Poging GOUD - Vrij
On the frontline Moscow thinks it is winning - and it can string the talks along
The Guardian
|August 14, 2025
For Ukraine, the break in the frontline is unfortunately timed. Lightly armed Russian saboteur groups—three on one count—cut through Ukrainian positions in the Donbas countryside east of the key junction at Dobropillia. Though one group was eliminated by Tuesday, two were thought to remain at large—and although their numbers are small for now, perhaps 20 to 30, the breach is significant.
At the beginning of April, it was safe to visit Dobropillia, which had become a bustling market center busy with soldiers and locals, nearly 15 miles north of the frontline in Pokrovsk. But since then, the town, where once-busy supply roads from Pokrovsk to Kramatorsk split, has come under sustained attack with glide bombs while FPV (first-person view) drones strike targets on the move.
It is part of an increasingly coordinated battle strategy by the invaders. Experts say Russia has become more effective at targeting Ukrainian drone teams in the field and forces on the move.

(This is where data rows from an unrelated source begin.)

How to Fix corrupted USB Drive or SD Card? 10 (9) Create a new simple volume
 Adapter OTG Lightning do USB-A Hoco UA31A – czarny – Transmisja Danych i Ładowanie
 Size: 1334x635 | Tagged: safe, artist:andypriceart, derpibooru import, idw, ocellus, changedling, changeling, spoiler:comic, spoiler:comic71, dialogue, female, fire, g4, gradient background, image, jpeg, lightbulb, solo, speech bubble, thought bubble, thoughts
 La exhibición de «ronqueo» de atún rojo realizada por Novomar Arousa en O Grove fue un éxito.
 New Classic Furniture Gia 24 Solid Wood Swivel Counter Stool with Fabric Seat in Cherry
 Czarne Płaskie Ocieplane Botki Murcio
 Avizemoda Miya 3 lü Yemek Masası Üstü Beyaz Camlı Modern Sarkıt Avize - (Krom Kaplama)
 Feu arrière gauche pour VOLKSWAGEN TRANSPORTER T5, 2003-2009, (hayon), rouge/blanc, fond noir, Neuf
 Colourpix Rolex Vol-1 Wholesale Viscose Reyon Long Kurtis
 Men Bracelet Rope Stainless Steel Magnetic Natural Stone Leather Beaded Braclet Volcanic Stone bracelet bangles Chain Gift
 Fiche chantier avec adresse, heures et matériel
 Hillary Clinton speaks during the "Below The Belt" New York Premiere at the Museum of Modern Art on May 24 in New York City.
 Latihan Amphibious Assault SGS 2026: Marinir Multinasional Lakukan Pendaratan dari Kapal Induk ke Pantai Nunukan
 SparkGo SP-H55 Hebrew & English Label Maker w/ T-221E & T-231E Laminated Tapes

Even before the weekend, the southerly T0514 supply road to Kramatorsk was already at risk of attack, while a Russian military blogger described "the systematic elimination" of Ukrainian crews.
At the same time, Ukraine's forces appear to be increasingly stretched. Critics such as Bohdan Krotevych, a former chief of staff at the Azov brigade, say too much attention has been focused on infantry counterstrikes in Pokrovsk—"a soap bubble that will soon burst"—and not enough on augmenting defenses to hold existing lines.